▶ DATA EXCERPT

★ ★ ★ ★ ★

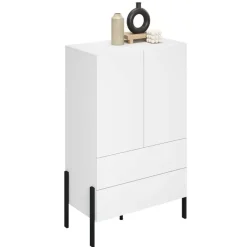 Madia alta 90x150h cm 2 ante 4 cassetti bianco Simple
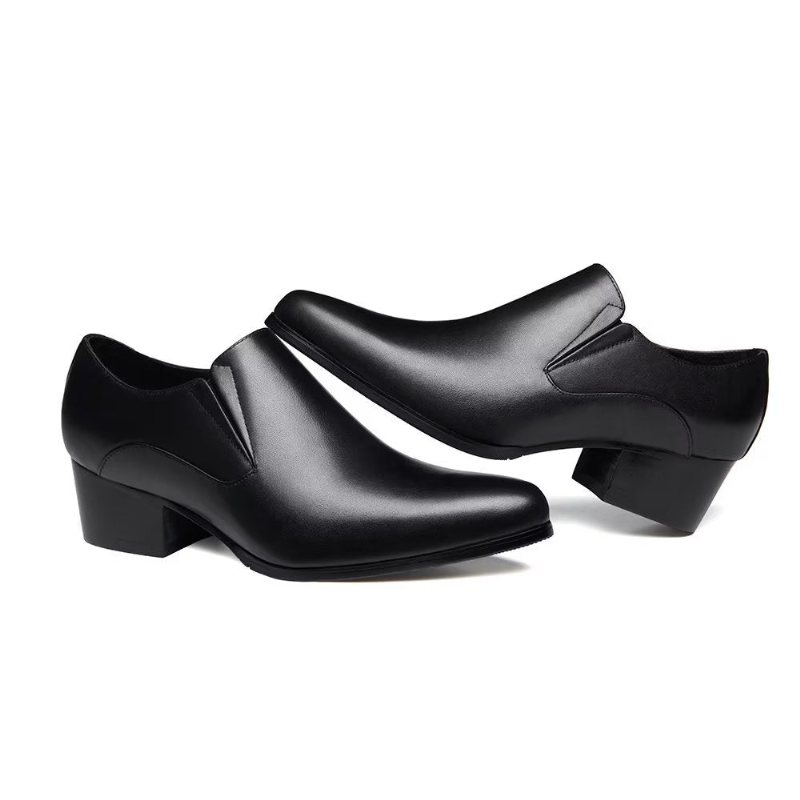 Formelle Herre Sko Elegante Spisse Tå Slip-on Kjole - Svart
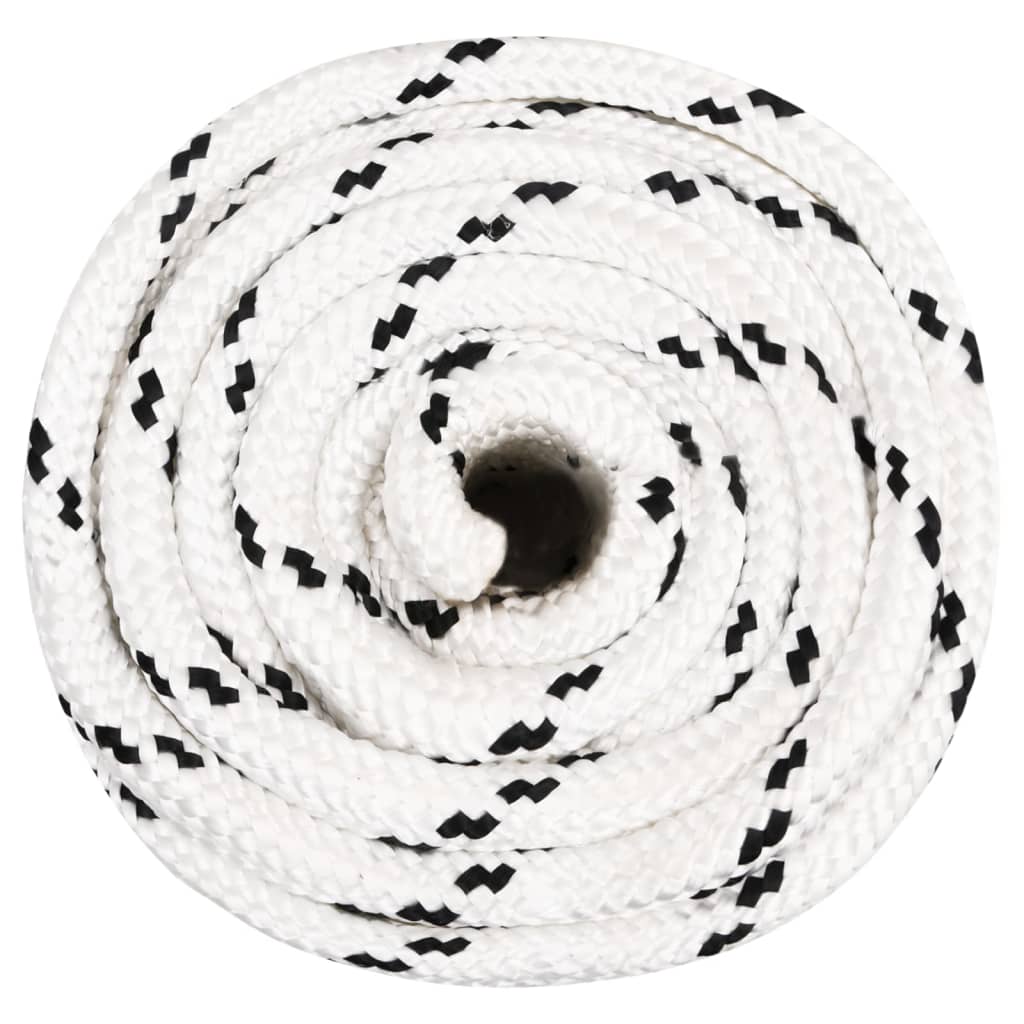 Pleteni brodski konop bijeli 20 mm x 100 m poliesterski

★ ★ ★ ★ ★

▶ TASK PROMPT
From the line containing "Formelle Herre Sko" to the end of the listing, restate each line word for word and nothing more; the pictures stay out.

▶ SOLUTION TO THE PROBLEM
 Formelle Herre Sko Elegante Spisse Tå Slip-on Kjole - Svart
 Pleteni brodski konop bijeli 20 mm x 100 m poliesterski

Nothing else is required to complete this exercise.